● Provided entries
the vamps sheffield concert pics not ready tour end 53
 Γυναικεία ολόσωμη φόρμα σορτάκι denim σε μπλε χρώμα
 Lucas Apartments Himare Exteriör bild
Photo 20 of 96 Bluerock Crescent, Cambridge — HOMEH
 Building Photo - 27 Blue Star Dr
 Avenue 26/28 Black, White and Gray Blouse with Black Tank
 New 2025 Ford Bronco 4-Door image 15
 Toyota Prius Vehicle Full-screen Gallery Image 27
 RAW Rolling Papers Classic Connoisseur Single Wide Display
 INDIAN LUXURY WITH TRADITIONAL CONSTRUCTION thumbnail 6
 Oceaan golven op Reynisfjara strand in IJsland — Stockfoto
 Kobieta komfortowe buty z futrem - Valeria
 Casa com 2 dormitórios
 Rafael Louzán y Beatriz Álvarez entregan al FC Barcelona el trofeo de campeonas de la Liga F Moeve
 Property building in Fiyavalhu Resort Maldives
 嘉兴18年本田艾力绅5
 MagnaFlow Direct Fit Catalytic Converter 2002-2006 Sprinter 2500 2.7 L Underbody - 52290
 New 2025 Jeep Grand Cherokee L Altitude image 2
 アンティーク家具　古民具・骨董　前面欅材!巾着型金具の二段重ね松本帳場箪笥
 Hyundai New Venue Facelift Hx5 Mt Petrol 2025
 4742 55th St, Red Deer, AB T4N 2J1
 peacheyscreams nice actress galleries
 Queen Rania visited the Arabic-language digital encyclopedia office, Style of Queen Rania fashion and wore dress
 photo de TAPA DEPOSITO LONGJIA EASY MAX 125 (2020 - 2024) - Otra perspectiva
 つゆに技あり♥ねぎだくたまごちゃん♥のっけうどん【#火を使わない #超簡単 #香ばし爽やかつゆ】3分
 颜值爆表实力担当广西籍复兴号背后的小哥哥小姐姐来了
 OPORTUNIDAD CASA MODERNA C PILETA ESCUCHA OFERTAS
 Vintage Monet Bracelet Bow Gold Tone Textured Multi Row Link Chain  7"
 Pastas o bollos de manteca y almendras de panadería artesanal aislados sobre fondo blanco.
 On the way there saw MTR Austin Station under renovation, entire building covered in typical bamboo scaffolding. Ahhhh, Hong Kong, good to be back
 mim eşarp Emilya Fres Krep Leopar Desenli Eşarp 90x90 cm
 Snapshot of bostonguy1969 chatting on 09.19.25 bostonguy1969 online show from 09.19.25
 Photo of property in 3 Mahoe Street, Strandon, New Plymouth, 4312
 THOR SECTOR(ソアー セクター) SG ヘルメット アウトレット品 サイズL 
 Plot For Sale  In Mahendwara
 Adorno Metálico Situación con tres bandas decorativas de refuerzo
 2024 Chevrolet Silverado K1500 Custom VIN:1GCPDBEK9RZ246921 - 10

● Aim of the exercise
Only the lines from the one containing "Snapshot of bostonguy1969" through the last line of the records above are to be reproduced, exactly and with both ends included.

● Response to the task
 Snapshot of bostonguy1969 chatting on 09.19.25 bostonguy1969 online show from 09.19.25
 Photo of property in 3 Mahoe Street, Strandon, New Plymouth, 4312
 THOR SECTOR(ソアー セクター) SG ヘルメット アウトレット品 サイズL 
 Plot For Sale  In Mahendwara
 Adorno Metálico Situación con tres bandas decorativas de refuerzo
 2024 Chevrolet Silverado K1500 Custom VIN:1GCPDBEK9RZ246921 - 10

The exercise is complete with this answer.